• _YOUR TASK_
Going through the entries below, tally the lines that hold the word "International" and state the result alone.

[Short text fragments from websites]
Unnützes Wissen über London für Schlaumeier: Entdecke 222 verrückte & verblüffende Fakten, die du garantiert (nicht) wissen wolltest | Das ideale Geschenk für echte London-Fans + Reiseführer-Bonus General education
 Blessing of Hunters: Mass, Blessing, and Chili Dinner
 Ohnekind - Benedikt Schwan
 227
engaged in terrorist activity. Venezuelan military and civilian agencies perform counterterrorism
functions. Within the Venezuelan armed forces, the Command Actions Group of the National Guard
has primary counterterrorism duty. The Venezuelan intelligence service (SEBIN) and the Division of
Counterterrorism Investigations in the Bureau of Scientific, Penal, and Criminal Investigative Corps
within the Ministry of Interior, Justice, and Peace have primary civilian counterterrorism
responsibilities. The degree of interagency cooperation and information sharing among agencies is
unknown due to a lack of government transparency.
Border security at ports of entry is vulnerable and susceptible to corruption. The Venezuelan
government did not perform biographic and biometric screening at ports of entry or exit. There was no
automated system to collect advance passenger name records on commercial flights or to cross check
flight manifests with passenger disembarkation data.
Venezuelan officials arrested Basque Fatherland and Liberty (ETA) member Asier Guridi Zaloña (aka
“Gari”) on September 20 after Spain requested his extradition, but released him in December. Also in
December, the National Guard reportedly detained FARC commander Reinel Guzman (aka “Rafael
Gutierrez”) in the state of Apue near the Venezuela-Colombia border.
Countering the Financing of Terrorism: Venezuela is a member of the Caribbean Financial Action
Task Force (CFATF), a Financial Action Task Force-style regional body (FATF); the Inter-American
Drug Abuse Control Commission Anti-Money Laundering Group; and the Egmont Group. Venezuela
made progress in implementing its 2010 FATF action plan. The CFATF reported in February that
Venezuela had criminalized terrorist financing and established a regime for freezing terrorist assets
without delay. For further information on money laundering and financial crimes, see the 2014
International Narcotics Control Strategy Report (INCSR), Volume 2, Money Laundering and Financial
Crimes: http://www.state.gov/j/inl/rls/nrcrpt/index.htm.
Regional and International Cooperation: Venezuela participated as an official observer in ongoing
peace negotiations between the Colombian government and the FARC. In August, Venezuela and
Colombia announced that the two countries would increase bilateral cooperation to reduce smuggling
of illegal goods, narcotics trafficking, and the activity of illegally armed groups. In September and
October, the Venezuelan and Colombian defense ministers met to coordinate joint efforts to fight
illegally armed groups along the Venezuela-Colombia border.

• _ANSWER TO THE EXERCISE_
2